Drzwi otworzył nam Harry. Kiedy zobaczył Cassie, od razu się rozpromienił. Pomyślałam, że między tą dwójką coś musi być, ale jak na razie nie wypytywałam o to mojej przyjaciółki. Widząc, że nie mam szans na przywitanie się z lokowatym, minęłam ich i weszłam do salonu. Okazało się, że dotarłyśmy jako ostatnie. Przywitałam się ze wszystkimi, poczynając od Zayn'a i kończąc na Niall'u. Z tym przytulałam się najdłużej. Dziewczyny od razu zaczęły mnie zagadywać a chłopaki zabrali się za wybieranie filmu i robieniu zapasów. Tak, alkoholowych. Rozmawiałyśmy o tym, że są oni bardzo zgraną ekipą. Widać, że łączyła ich duża więź. Też chciałabym mieć tyle osób, na których mogłabym polegać. Jak na razie jest tylko Cassie, no i także Niall. Bardzo się do siebie zbliżyliśmy przez ten czas naszej znajomości. Kiedy wszystko było już gotowe, zaczęliśmy oglądać jakiś horror. Pierre, Eleanor, Louis i Zayn zajmowali kanapę. Harry i Cassie siedzieli na fotelu a drugi zajmował Liam i Sophie. Mi i Niall'owi niestety przypadła podłoga. Oparłam się o blondyna a on objął mnie ramieniem. Wszyscy popijali piwo. My dodatkowo zwinęliśmy jeszcze chipsy. Film bardzo mnie wciągnął. Straszny to on na pewno był. Za każdym razem chowałam twarz w ramieniu niebieskookiego a on tylko się ze mnie śmiał i oglądał dalej. Taki przebieg dnia bardzo mi odpowiadał. W pewnym momencie filmu zaczęłam krzyczeć, żeby ona tam nie szła. Mimo że wiedziałam, że nic to nie da, to krzyczałam dalej. Chłopaki starali się powstrzymywać chichot ale marnie im to szło. Ale nie denerwowało mnie to jakoś bardzo, bo byłam zbyt zajęta, żeby się z nimi użerać.
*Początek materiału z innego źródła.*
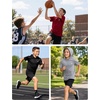 image:imageRoadbox Boys Short Sleeve Hoodie Youth Lightweight Athletic Hooded T Shirt  Cool dry and breathable pullover Great for baseball basketball and daily wear Tagfree collar amp flatlock seams Sizes 5T1607red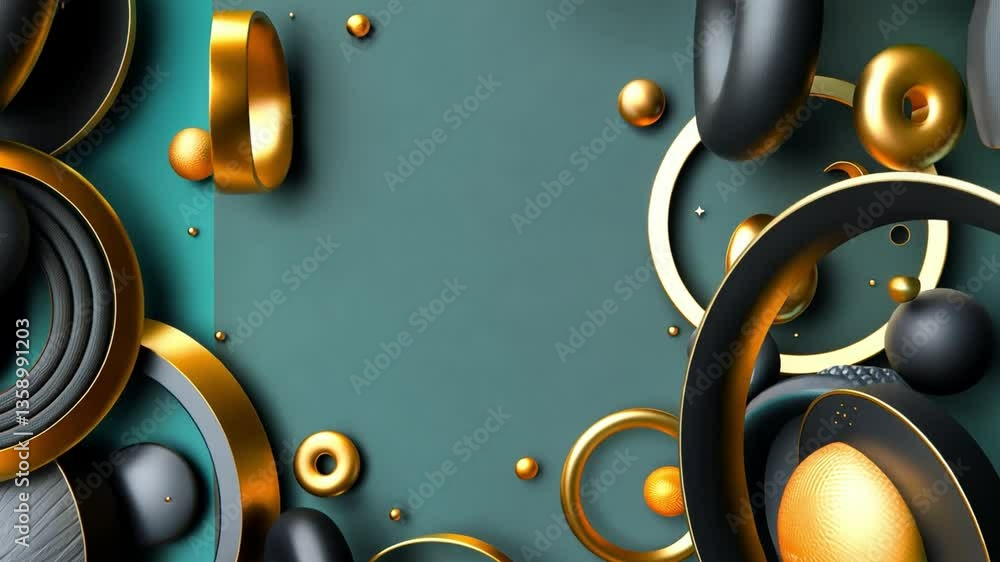 Aufkleber abstract geometric design: a mesmerizing abstract composition featuring a captivating blend of shape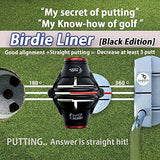 360-Degree Golf Ball Marker Alignment Tool Kit - Triple Line Stencil with 3-Color Pens and Gift Box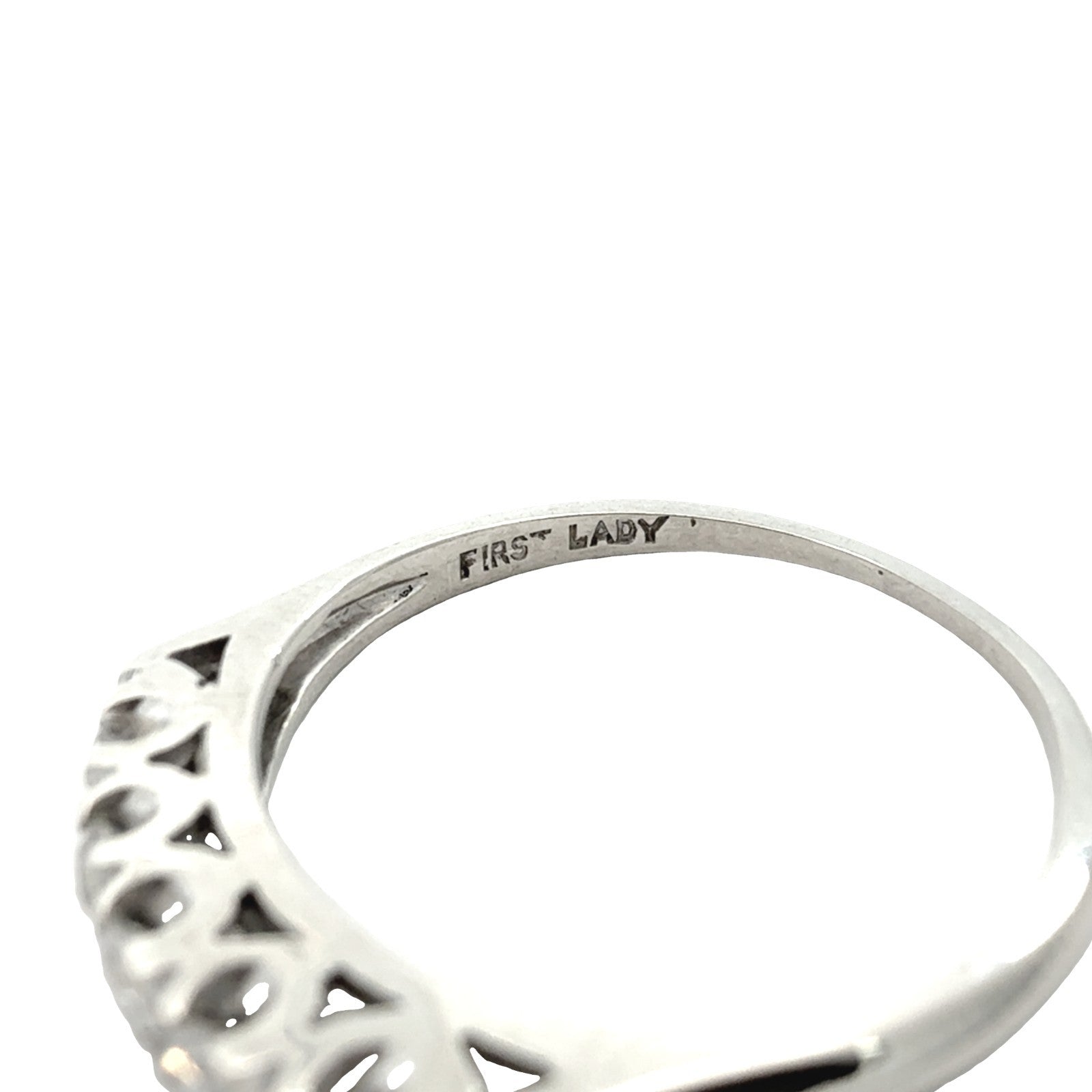 18k White Gold Stamped 0.73cttw Diamond Engagement Ring and 0.23cttw Band Set11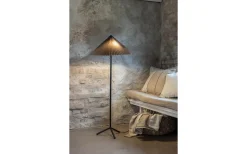 Plisado Golvlampa 140cm Grå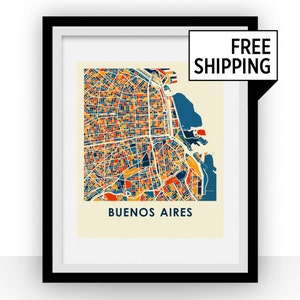 Buenos Aires Map Print - Full Color Map Poster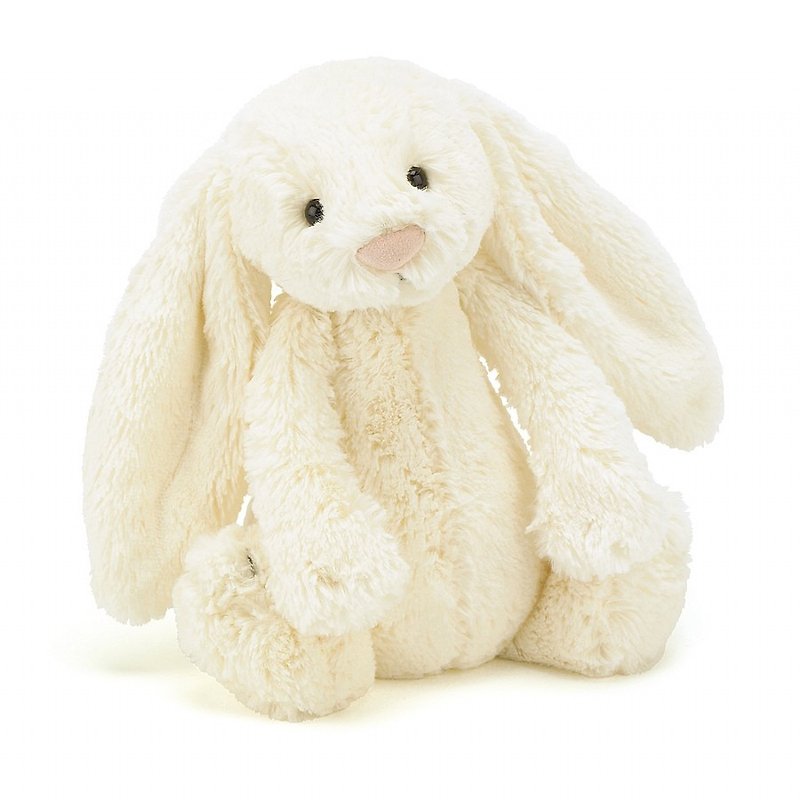 Bashful Cream Bunny 典雅白兔 31cm - 玩偶/公仔 - 聚酯纤维 白色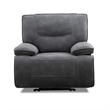 Parker Living Gladiator - Cobalt Power Fabric Zero Gravity Recliner in Charcoal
W końcu film się skończył. Za oknem zrobiło się już ciemno, czyli było gdzieś około 19.00. Jeszcze przez pewien czas wtulałam się w Niall'a, bo nie powiem, ale bardzo się bałam. No cóż. Sprawka filmu i alkoholu który spożyłam. Każdy wie, że mocnej głowy to ja nie mam, ale potrafię pić jak facet. Postanowiliśmy nie zapalać światła tylko odpalić parę świec. Ten klimat był o wiele lepszy. Oczywiście nie obyło się bez gry w butelkę. Nie było jakiś niewygodnych pytań, ale śmiechu nie brakowało. Piajny Louis to dusza towarzystwa. Biedna Eleanor. Ciągle się za niego wstydzi, ale i tak go kocha. Nawet ja zgodziłam się na wyzwanie. Musiałam wymasować stopy Harry'emu. Nic gorszego nie mogło być. Przełamałam obrzydzenie i to zrobiłam. Później w łazience 5 minut czyściłam ręce. Nawet po tym czułam, że są brudne. Mówi się trudno, żyje się dalej. Po jakimś czasie gra nam się znudziła. Włączyliśmy piosenki a chłopaki zaczęli tańczyć. Królami tańca oni nie są, ale aż tacy źli nie byli. Chyba. Pękałam ze śmiechu. Reszta dziewczyn też. Przy nich nie idzie się nudzić. Nim się obejrzałam dziewczyny też zaczęły tańczyć. No i zostałam sama. Nagle ktoś pociągnął mnie za rękę i stanęłam przed blondynem. Spojrzałam na niego i od razu wiedziałam o co chodzi. O nie. Ja tańczyć nie zamierzam. Nawet nie umiem. Nie będę robiła z siebie pośmiewiska. Jednak nie było mowy, żebym znowu mogła usiąć. W końcu się poddałam i zaczęłam się ruszać. Jak małpa, ale to już coś.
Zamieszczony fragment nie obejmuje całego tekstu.